The Mayor acts as the borough’s ceremonial and civic head and does not take an active political role in the Council’s affairs.
The key parts of the Mayor’s role are to:
Attend events in the community
Every year the Mayor attends hundreds of engagements hosted by local organisations, charities or businesses across the borough and London. The Mayor attends these events to show support for the work of community organisations and is sometimes asked to make speeches of thanks or give out awards.
The Mayor also acts as a representative of the borough at official or ceremonial events, for example by laying a wreath on behalf of the borough at Remembrance Ceremonies. Find out how to invite the Mayor to your event.
Chair Council meetings
The Mayor acts as the Chair of Full Council meetings in the Council Chamber at Kensington Town Hall. The Mayor makes sure that councillors get a fair chance to speak (without going over their allotted time) and acts with impartiality, so does not get involved in voting. This is similar to the role of the Speaker in the House of Commons. The Mayor is supported by the Council’s Chief Executive and Monitoring Officer to ensure that standing orders and protocol are followed correctly.

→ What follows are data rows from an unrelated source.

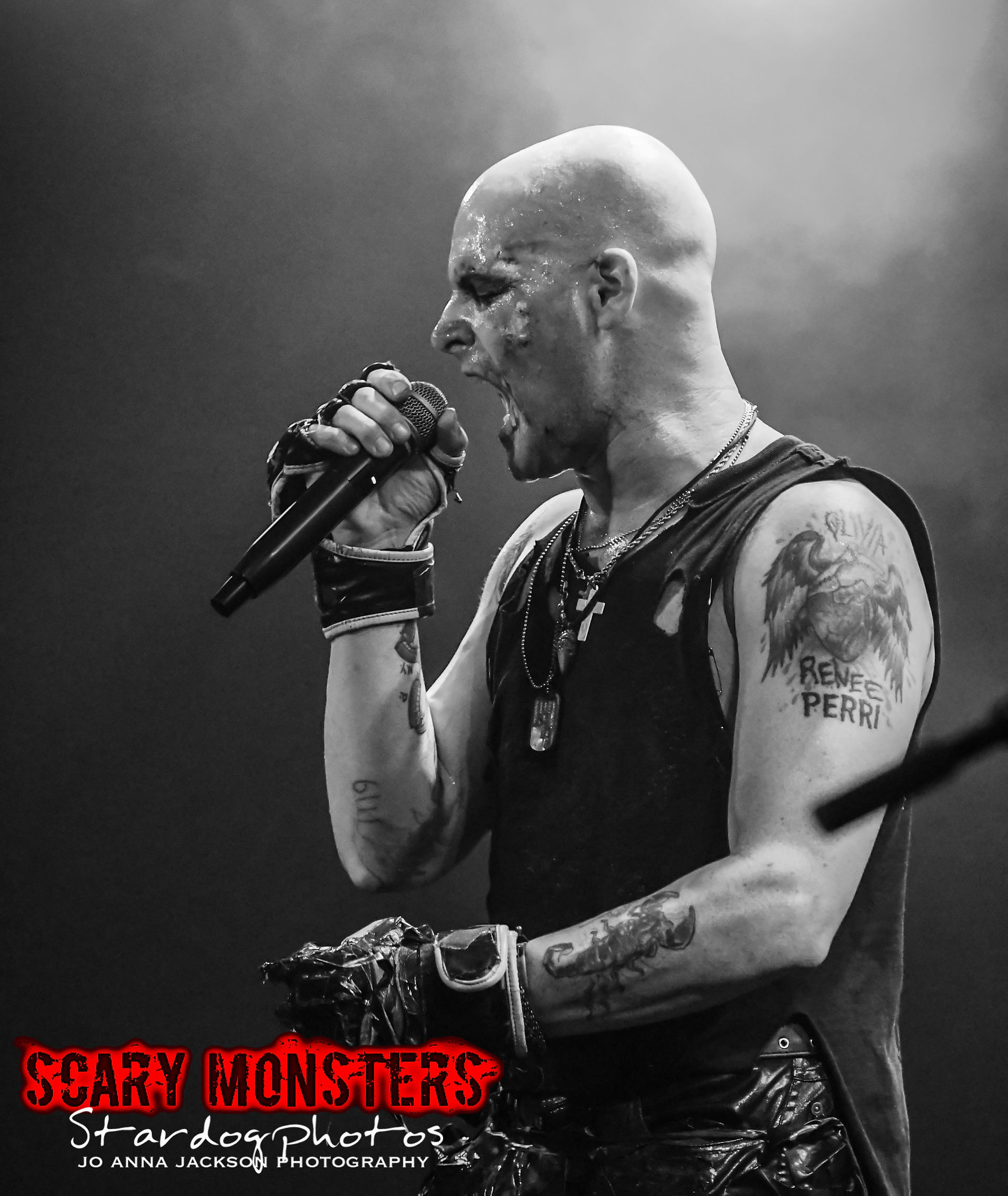 Michale_Graves_©Jo_Anna_Jackson_-_Stardogphotos-52-2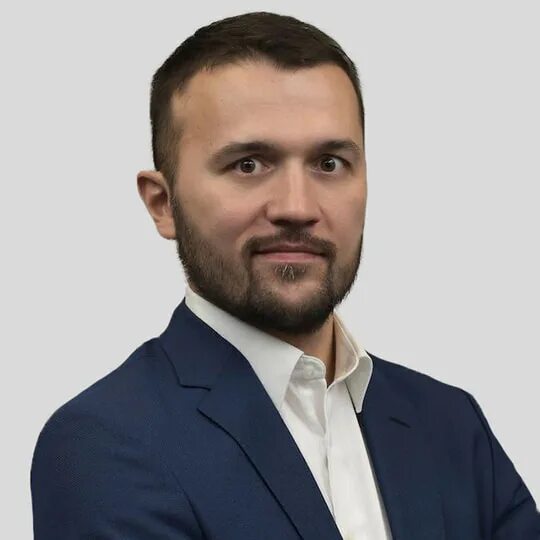Партнер учредитель. Партнер учредитель. Партнер учредитель. Физическое лицо это. Партнер учредитель.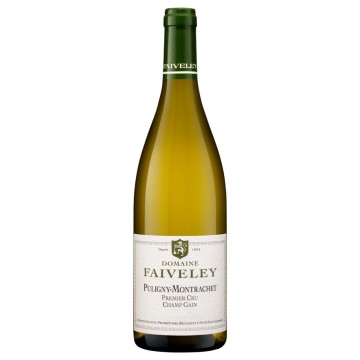 Shop All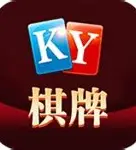 kY344棋牌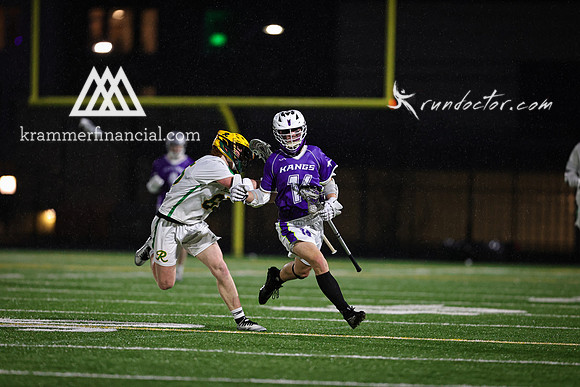 LWHS vs Roosevelt Spring 2023 - 1291.jpg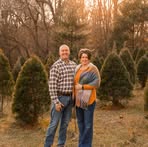 Beth Ann Kistler - Facebook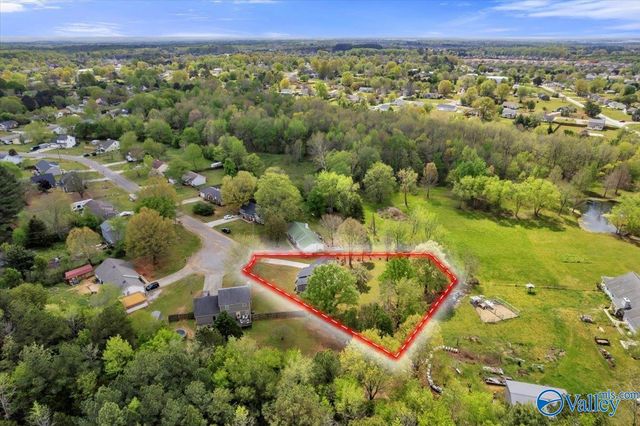 29660 Allison Circle, Madison, AL 35756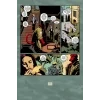 abe sapien 7 utajeny ohen komiks 9788076522015 4
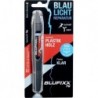 Colle SET PW PLASTIQUE-Bois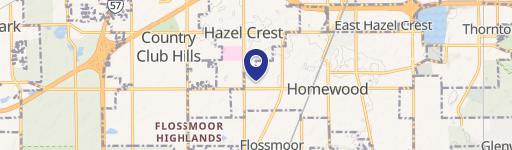 18216 Sacramento Ave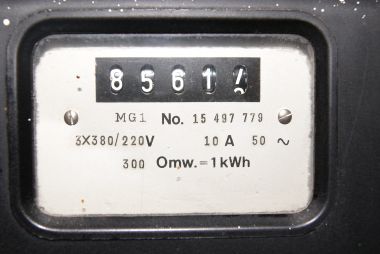 75930_Afbeelding_005_1.jpg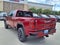 2026 GMC Sierra 2500 HD AT4 Crew Cab Standard Box 4WD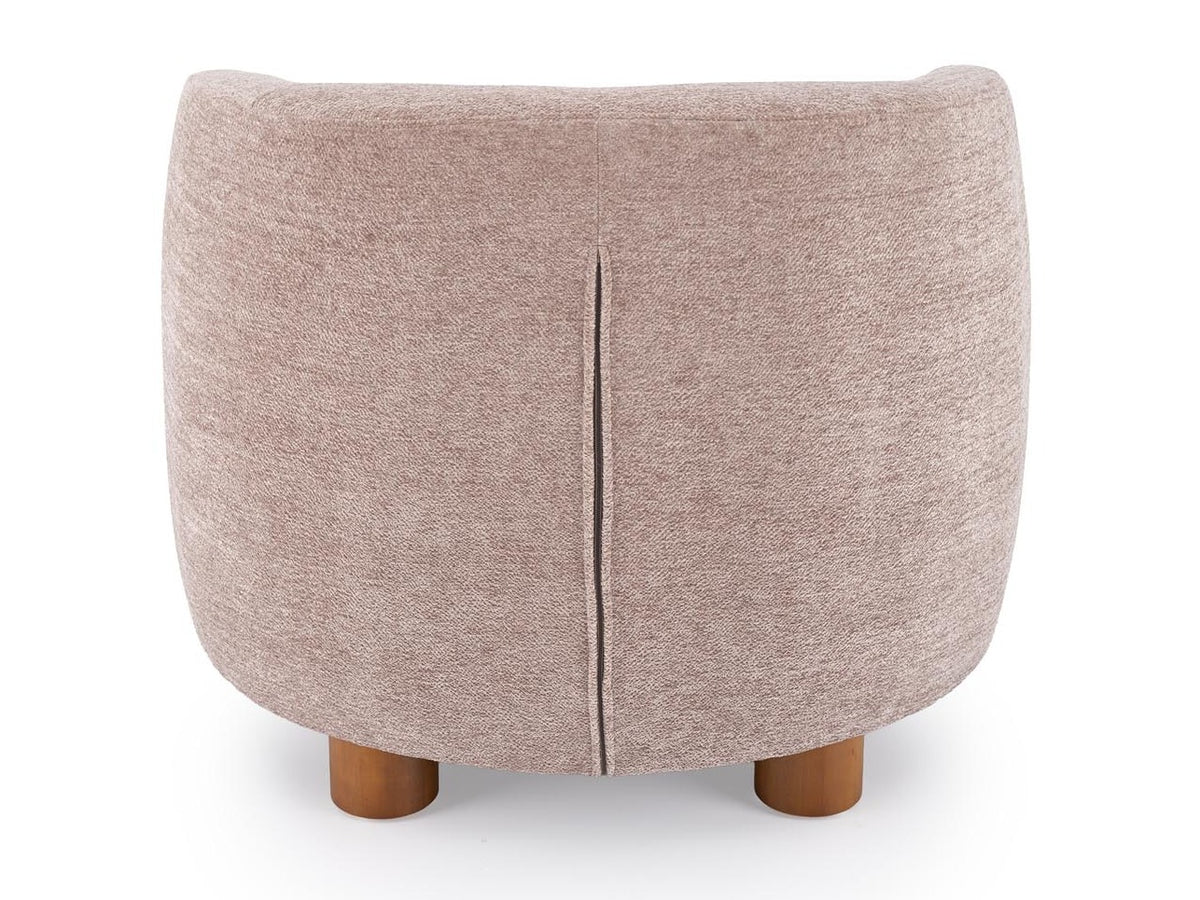 Armchair 639000 5127219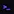 Programmdle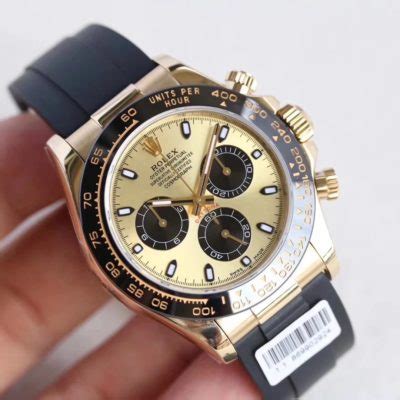 cerco rolex imitazione|cloni di rolex migliori.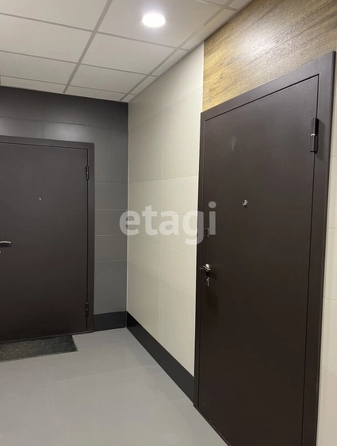 
  Продается 2-комн. квартира 77 м², в ЖК Красный проспект, дом 4. Фото 22.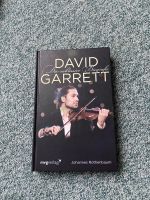 Biografie David Garrett Nordrhein-Westfalen - Bornheim Vorschau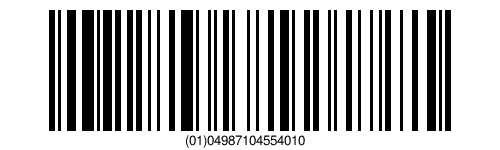 04987104554010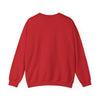 Santa I Know Him Sweatshirt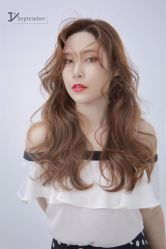 -Coo Hair salon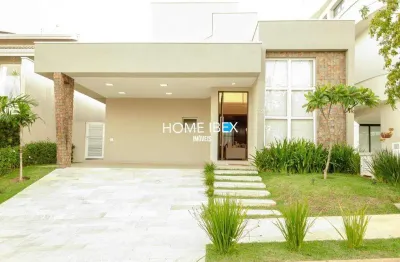 Casa à venda em campinas, swiss park, com 3 quartos, com 214 m²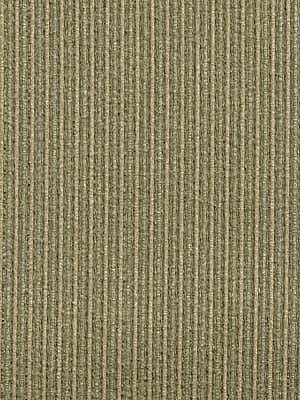 YANG | WILLOW - Upholstery - Fabric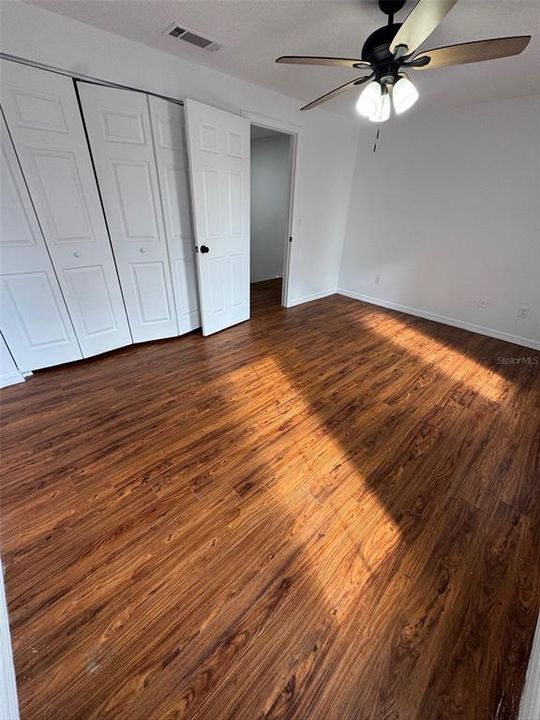 En Renta: $1,289 (2 camas, 1 baños, 1200 Pies cuadrados)
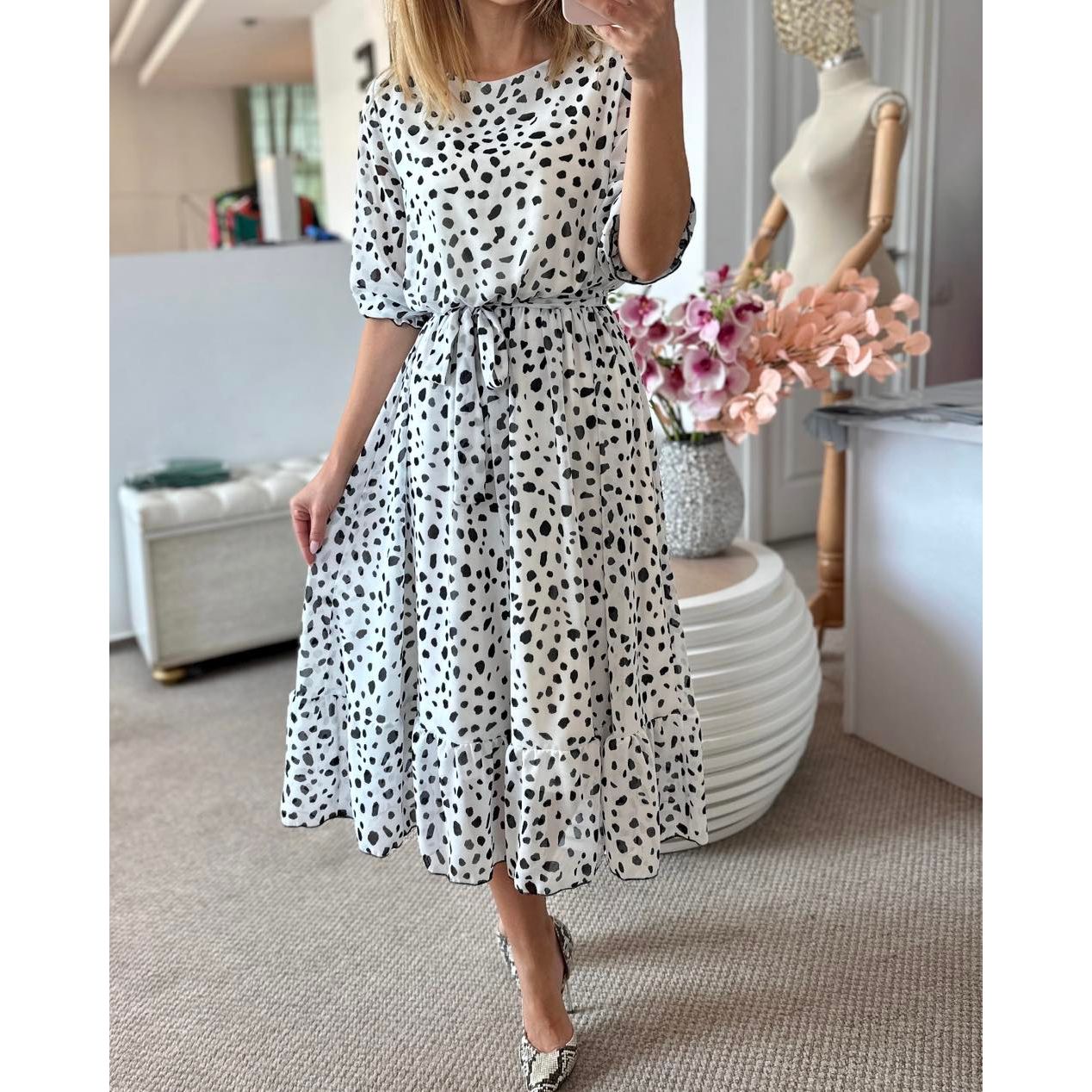 Rochie Paulina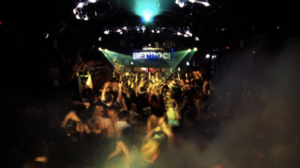 UK Green Party to host fundraiser party at London club Heaven · News ⟋ RA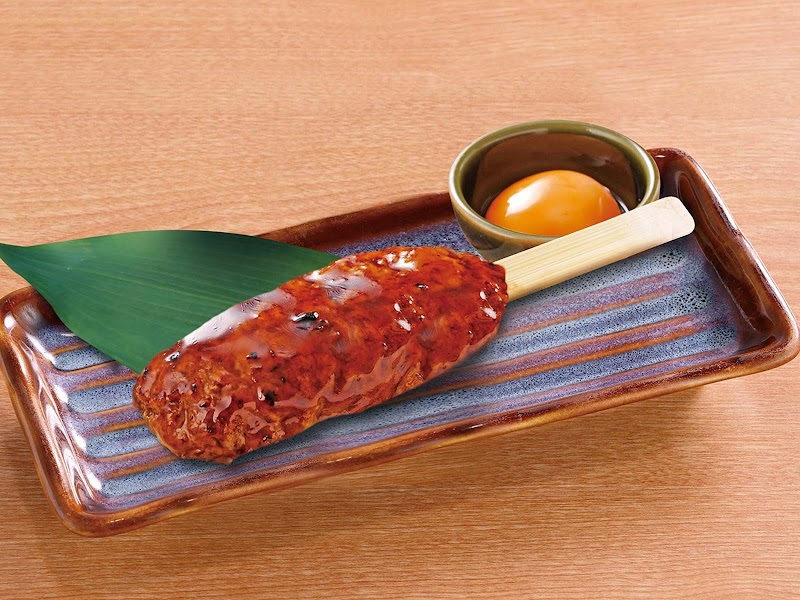 千年の宴 栃木駅店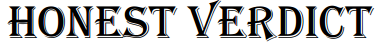 img7.png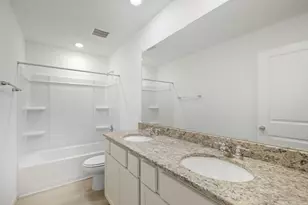 219 Rustic Alder Dr, Crosby, TX 77532 - Photo 19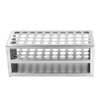 Test Tube Holder 304 Stainless Steel Test Tube Holder Rack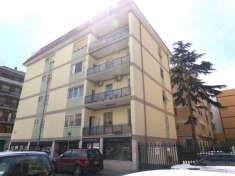 Foto Appartamento in vendita a Roma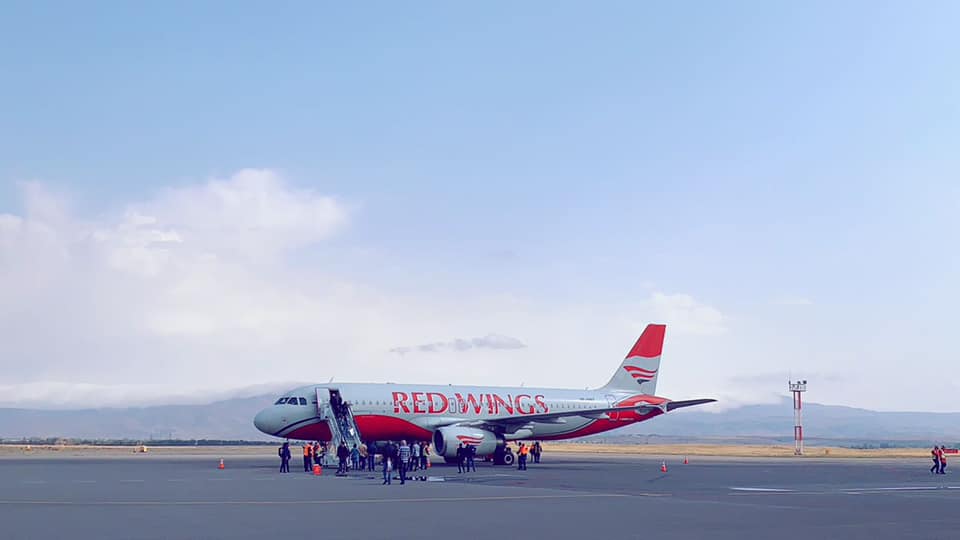 http://www.zvartnots.aero/Img/CMS/red_wings.jpg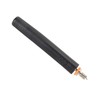 UHF Antenna Replacement Long Antenna for MTP3250 MTP3100 MTP3150 MTP3200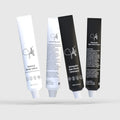 Mosquito Bee Gone™ Ointment 5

Hold events in the Mayor’s Parlour at Kensington Town Hall
Over their term, the Mayor hosts a number of receptions and events in the Mayor’s Parlour at Kensington Town Hall. The events each Mayor choses to host vary from year to year, but generally include events such as social functions to show support for local organisations, receptions to raise money for the Mayor’s chosen charity, or awards evenings to thank staff for their long service to the Council.
Receive guests on their official borough engagements
As first citizen of the borough, part of the Mayor’s role is to receive members of the Royal Family and other important guests, such as diplomats and dignitaries, on their official engagements in the borough.